Nouveau design «ultrafin » (du moins autant que le permettent les ports USB et micro-SD), coque de magnésium pour la première fois dans l’industrie, protège écran-clavier également ultrafin, versant tactile de Windows 8 : tout semble là pour signifier à quel point Microsoft s’est mis en frais au chapitre de l’inventivité… Sans oublier ce qu’il faut de copie par-dessus l’épaule de Cupertino et de ses brevets auxquels elle a légalement accès, avec l’adaptation magnétique du protège écran à la coque grâce à des éléments cachés sous le magnésium.

Ce n’est d’ailleurs pas la première fois qu’à Redmond on sait déployer des trésors d’inventivité pour séduire le grand public : après plusieurs tentatives, la Xbox 360 avait su en son temps séduire un large public, que l’interface Kinect à fort bien su prolonger.

Autre temps, autres moeurs ? Sur le papier toujours, tout cela tranche en tout cas avec le constat de plagiat servile qui s’impose à qui se penche sur une tablette Samsung motorisée par l’une ou l’autre des insipides Delicatessen androïdes… Encore que…

Retour du refoulé

Est-ce comme souvent, et une fois de plus, l’Inconscient – collectif cette fois – de la société qui s’est mis à hurler ce qu’on comptait lui faire taire ?

– Pour millimétrique qu’il soit, c’est un bon vieux clavier en dur que Microsoft propose, là où Apple a imposé depuis 2007 son clavier versatile, c’est-à-dire qui s’adapte aux besoins de l’utilisateur ;

– en fait d’intégration logiciel-matériel, ce sont DEUX processeurs et DEUX OS que Microsoft propose en fonction du marché grand public ou professionnel, quand c’est précisément l’unicité de l’offre d’Apple, et d’ailleurs d’Androïd, qui a permis d’enfoncer un coin dans le pont-levis de la citadelle Entreprise jusqu’ici solidement tenue par Microsoft, en faisant levier sur les usages grand-public ;

– les ingénieurs de Redmond ont semble-t-il décidé une fois pour toutes de « orientation paysage » de l’écran 16:9 ;

– et peut-être surtout, l’appellation VaporMg de la coque de magnésium qui protège la tablette est absolument incroyable.
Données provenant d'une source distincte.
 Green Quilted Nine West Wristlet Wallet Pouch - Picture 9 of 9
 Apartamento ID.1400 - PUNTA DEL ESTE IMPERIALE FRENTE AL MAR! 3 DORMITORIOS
VaporMg. Le nom choisi est-il supposé faire métaphore, en référence au Nuage du Cloud Computing, en même temps que la vaporisation du magnésium à la surface de la coque dont le film de présentation semble évoquer pour son procédé de fabrication ? Outre les considérables problèmes de sécurité dans les ateliers de fabrication si cela devait être le cas, là ou le génie marketing d’Apple aurait parlé de « sublime » – la sublimation étant le processus physiques de passage de l’état solide à l’état gazeux – les communicants de Microsoft qui ont phosphoré sur la chose ont choisi le lapsus, ou la « craquée verbale » comme on voudra.

Il est en effet impossible de ne pas faire le lien avec l’infâmant sobriquet de « vaporware » qui a longtemps été accolé aux annonces-bidon de Microsoft, lorsque l’ogre de Redmond cherchait à étouffer dans l’oeuf toute innovation chez ses concurrents par d’opportunes annonces parasites.

Simple coïncidence ? Même si le lapsus ici posé est trop beau pour ne pas dire quelque chose de la réalité du malaise latent au sein des équipes de Microsoft, il est trop tôt pour dire sans risque de se tromper si l’ex-Croquemitaine en a réellement terminé avec la spirale de l’échec qui le tire vers le bas depuis bientôt 10 ans.

Comme à l’ordinaire, le principe de réalité – c’est-à-dire usages et marché – tranchera. En définitive, la prochaine présentation dédiée au Smartphone, programmée cette semaine à San Francisco par Microsoft devrait dire quelque chose de plus sur la réalité – ou pas – de ce prétendu Désir de changement manifesté hier à Los Angeles.